Boston public transport is beautiful, really. Rhode Island is pretty good too - the buses are common and fairly frequent, and they have a train that goes to Boston for cheap.
The train that goes to Boston isn't an RI thing; it's an MBTA train. Not sure what allows that set-up politically or whatever.
Public transit in RI really, really depends on where you live. I used to live about 25 minutes from college by car. By bus, I would first have to walk a half-hour to the bus stop (you aren't likely to have a very close bus stop unless you live in certain areas), ride the bus for another 40 minutes or so to Providence, and wait at the bus depot/plaza downtime for a variable length of time to catch another bus.
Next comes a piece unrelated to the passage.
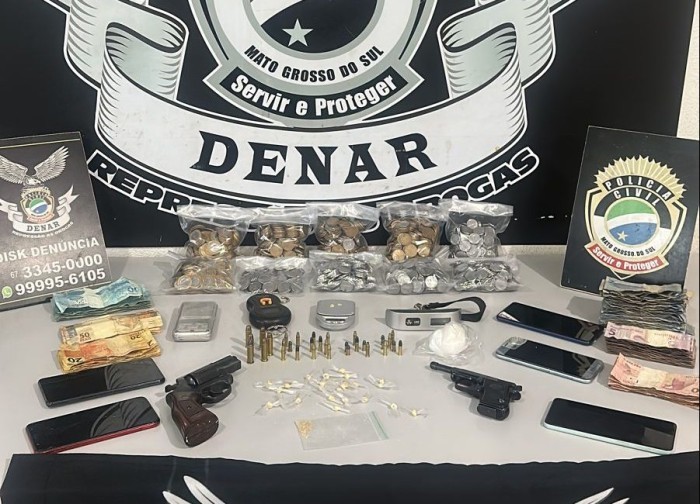 Polícia Civil fecha ponto de venda de drogas, levando à prisão de um casal que, além do entorpecente que comercializava, foi surpreendido de posse de armas de fogo e munições em Campo Grande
The shortest bus from Providence to college (that last mentioned leg of the trip) used to take about 35-45 minutes as well, but a route was changed so the shortest one is now more like 20-25 minutes. So instead of a 25-minute ride, I had anywhere between a 90 and 130-or-so minute Magical Public Transit Journey. Oh, and that half-hour walk to the bus stop? For a decent length of it, it's along a fairly busy road with no streetlights or sidewalk, and a few curves, and drivers were not terribly careful. This was pretty dangerous at night, basically impossible after a heavy snow, and was mostly uphill on the way there... and not any easier while carrying a load of schoolbooks and/or a laptop.
This is neglecting to mention the fact that the public bus system has its fair share of creeps and Things Which Inexplicably Smell Like Things They Should Not.
So yeah, it really, really depends on where you live. Some places in RI, the bus system is extremely convenient, and in some places it's completely inaccessible. At the time, I lived in between those two extremes.